Naming your baby will be one of the first big decisions you make for your child, which can feel a bit daunting. Step one is to go with what you love. "Pick a name that might be from somewhere special, or that might just be a name you love" says Kerry Sparks, coauthor of "Hello My Name is Pabst," a hipster baby name book. "Naming is completely subjective -- what's normal to you will make others cringe -- so don't worry about haters," she adds.
There aren't any solid "rules" about naming your baby, although naming experts have some suggestions. "Keep the spelling fairly simple and easy to pronounce," suggests Eleanor Turner of Lemonade Babies, a birth doula and author of "Baby Names 2015." "I tell everyone that they should just be able to fall in love with the names they choose -- after all, they're going to stick around forever.

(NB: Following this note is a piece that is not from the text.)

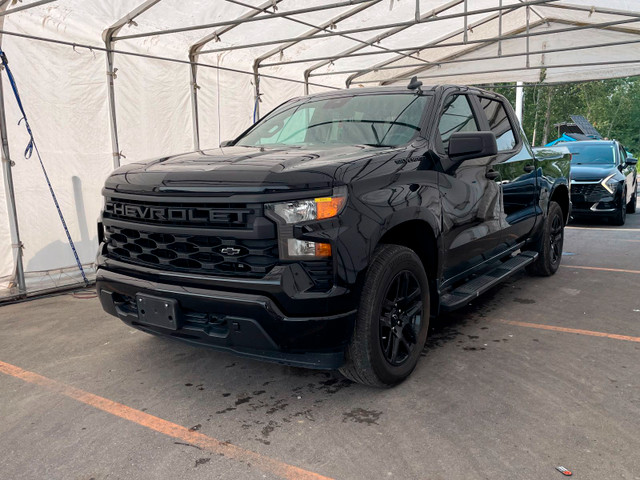 2023 Chevrolet Silverado 1500 CUSTOM CREW 4X4 *CARPLAY* MULTIFLE in Cars & Trucks in Laurentides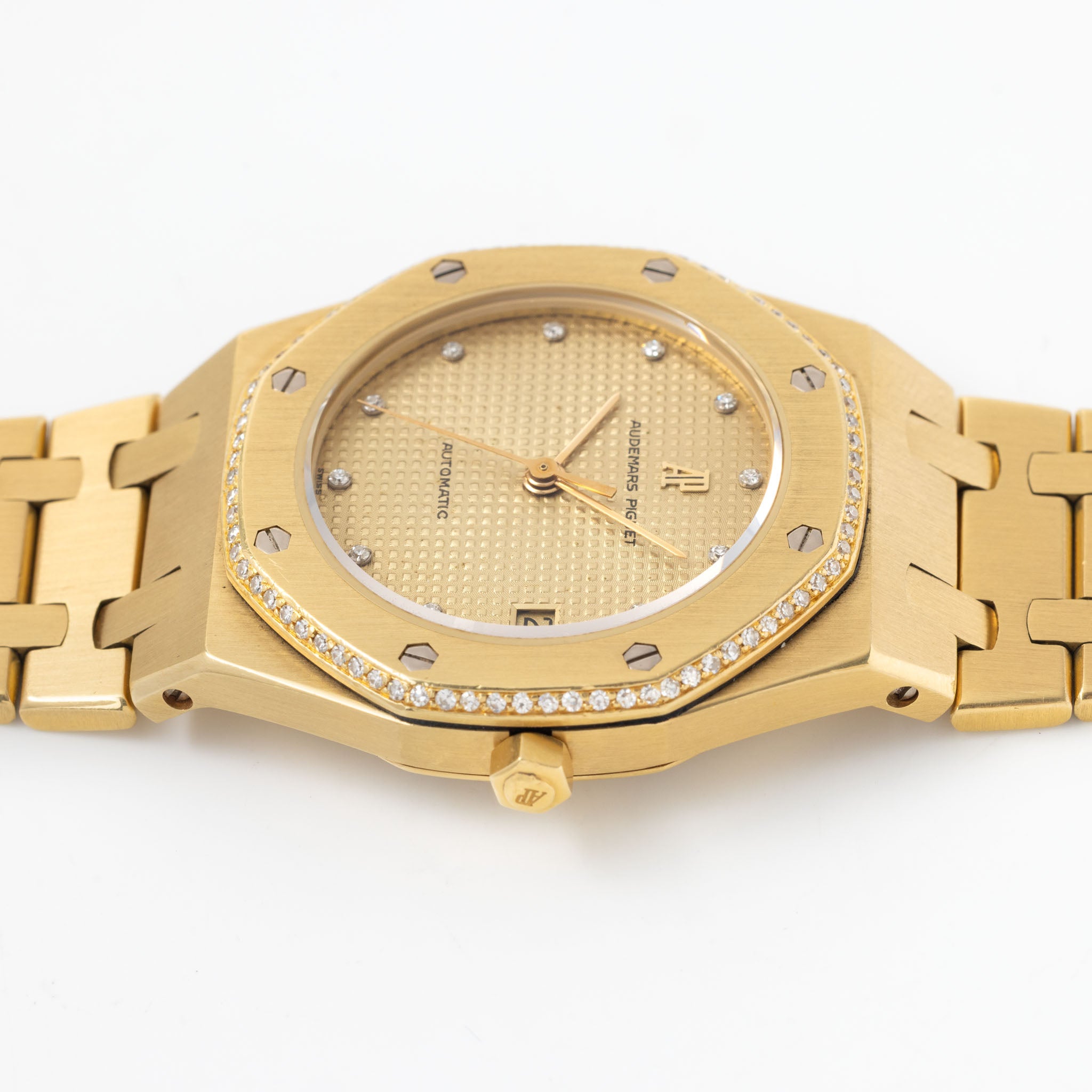 Audemars Piguet Royal Oak ref. 4153/477BA Brilliant Cut Diamond Bezel and Dial with Box and  Certificate of Origin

One tip I do suggest, though, is to keep your choices private until after your baby is born. People always seem to have an opinion on names before babies arrive, but afterwards, everyone is so excited to see they if they have their dad's eyes and their grandma's chin, that they love and accept their name anyway. Keeping it private and special keeps it meaningful and, frankly, untainted."If German baby names are what you love.
Here's a list of 18 ideas to get you started in your naming quest:
German Names for Girls
- Amalia (aa-MAAL-iyaa)
Taken from the Old German word meaning "industrious," Amalia is a twist on Amelia.
- Ebba (EHB-aa)
Widely used in Germany and Scandinavia, Ebba means "boar-like in battle." This name evolved as the short form of various Germanic names that started with "Eber."
- Greta (GREHT-aa)
This shortened form of Margareta is a popular German name that comes from Greek. The name means "pearl."
- Hedy (HHEYD-iy)
Hedy is a familiar of the German name Hedda and means "struggle, fighter, warrior."
- Johannah (yo-HAH-nah)
Meaning "God is gracious," this name comes from Joanna, the female version of John.
- Leni (LEY-niy)
A popular German nickname for Helena, this name means "bright and shining light."
- Mitzi (MIHTZ-iy)
Mitzi comes from Hebrew and means "sea of bitterness, rebelliousness." It's the German pet form of Maria.
- Pia (PIY-ah)
Used throughout Germany and Scandinavia, this name comes from the Latin name meaning "pious, dutiful."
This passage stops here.